Google searches on this blog (see the right sidebar) can produce some wonderful, interesting, and quite entertaining results.

Here's another blast from the past, another excerpt from the Journal on the 2006-era thinking about personal savings - Stop trying to re-define savings.
This month, the Commerce Department's Bureau of Economic Analysis put the nation's personal saving at negative $116.6 billion for December 2006.

To get that number, the bureau starts with after-tax disposable income then subtracts "personal consumption" of all sorts.

Here's what doesn't get counted, though: the increased value of stocks or mutual funds in brokerage or retirement accounts, or the rising value of your home.
...
If you're already trying to figure out where you stand, pay attention to the nomenclature. Commerce's study of personal saving is all about the verb -- "saving" -- what you make, minus what you spend.

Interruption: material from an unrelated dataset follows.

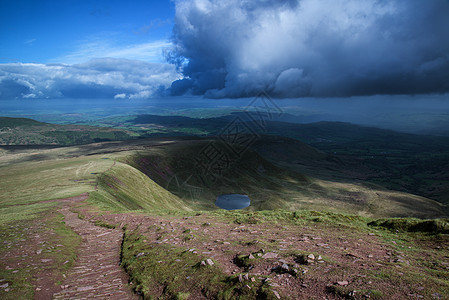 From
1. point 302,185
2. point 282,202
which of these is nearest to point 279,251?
point 282,202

But a more complete snapshot may well come from also adding in your "savings," the noun -- an accounting of your total assets and how they've grown, even if you haven't realized the gains yet.
Priceless...

AddThis Social Bookmark Button

3 comments:

Anonymous said...

"Economists expect flat income and a decline in spending."

In a recession? It seems like incomes declined in our last mild recession. I can't begin to imagine what will happen in this nasty version.

Anonymous said...

The strong proponents of demand push are always true. “flat income and a decline in spending” will help to rise the saving volume and supply of money in the market. But this will keep the demand factor static. When demand is not towards north, positive cash flow is a mirage.

John
Investment Banking Jobs

Anthony Alfidi said...

I distinctly recall listening to Ken Fisher claim that "Americans' home equity is a form of savings" at the 2006 San Francisco Money Show. This was after the housing bubble was clearly bursting.